Malaria: un vaccino dimezza il rischio di ammalarsi

“ È la dimostrazione più concreta, sinora, della possibilità di sviluppare un vaccino contro la malaria, una delle malattie più devastanti al mondo”. Con queste parole Christopher J. Elias, presidente di Path, una delle organizzazioni no profit internazionali più attive nella lotta alla patologie che affliggono il mondo in via di sviluppo, ha commentato da Seattle – dove si sta svolgendo il Malaria Forum – la pubblicazione dei risultati preliminari dello studio di fase III del vaccino RTS,S sul New England Journal of Medicine. I dati, che si riferiscono a 6mila bambini fra i 5 e i 17 mesi di età, immunizzati nell’arco di un anno, indicano una riduzione del 56% dei casi di malaria e del 47% di quelli di forma grave. Lo studio è portato avanti da una partnership di ricerca che vede coinvolti il Path, GlaxoSmithKline e la Bill & Melinda Gates Foundation.

Il trial, ancora in corso, sta coinvolgendo 11 centri di sette nazioni dell’ Africa sub-sahariana e consiste nel mettere a confronto il vaccino RTS,S con un altro vaccino non diretto contro la malaria.

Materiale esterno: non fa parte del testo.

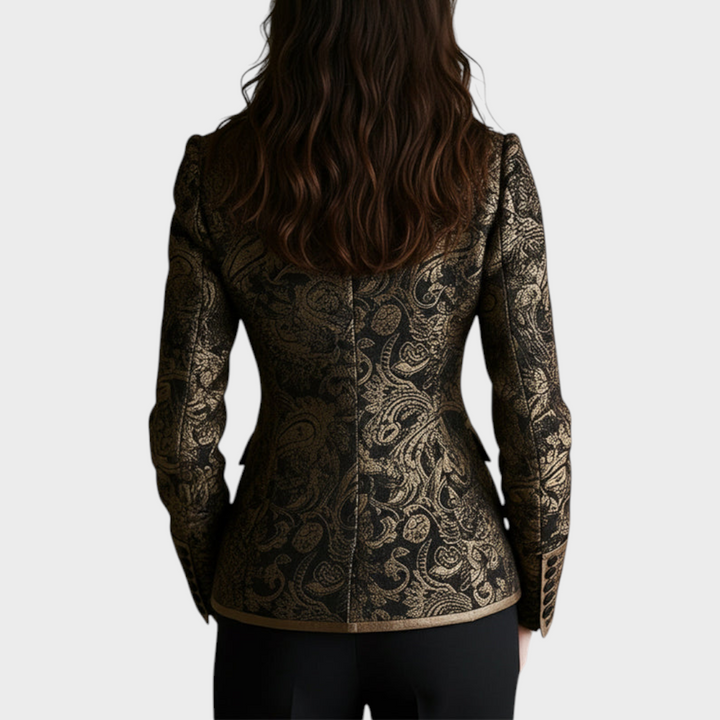 Ayiella | Tichý Luxusní Paisley Jacquard Sako s Otočnými Límci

Oltre ai bambini fra i 5 e i 17 mesi, sono stati reclutati anche neonati fra le 6 e le 12 settimane, per un totale di oltre 15mila piccoli pazienti. Un’analisi degli episodi di malaria grave fra le due popolazioni – i neonati e gli infanti – indica un abbassamento della riduzione del rischio al 35% nell’arco di tempo fra 0 e 22 mesi. Ma sarà solo alla fine del 2012 che si potrà avere un’idea precisa dei dati relativi ai più piccoli. E saranno di importanza strategica per poter pensare di somministrare il vaccino insieme alle altre forme di immunizzazione che i neonati ricevono nei primissimi mesi di vita. Peraltro, la popolazione trattata usa per il 75% le tende intrise di insetticida, uno dei presidi più efficaci contro le punture di zanzara. Il vaccino, quindi, si dimostra un valido strumento per abbattere l’incidenza della malattia anche fra chi si protegge al meglio.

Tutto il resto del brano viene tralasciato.